■ **TASK DETAILS**
In the entries below, find the line with "Aubrey Appliqué Shirt Midi Dress - Fuchsia" and the line with "Alternative view of", then retype both and everything between them exactly. Do not copy the pictures.

■ **MATERIAL FOR THE TASK**
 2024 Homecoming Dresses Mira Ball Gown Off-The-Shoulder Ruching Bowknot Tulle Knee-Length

...

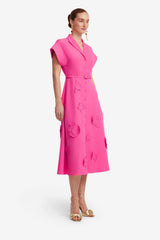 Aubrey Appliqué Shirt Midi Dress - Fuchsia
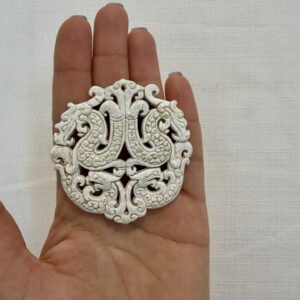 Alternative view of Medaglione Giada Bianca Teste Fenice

■ **ANSWER BOX**
 Aubrey Appliqué Shirt Midi Dress - Fuchsia
 Alternative view of Medaglione Giada Bianca Teste Fenice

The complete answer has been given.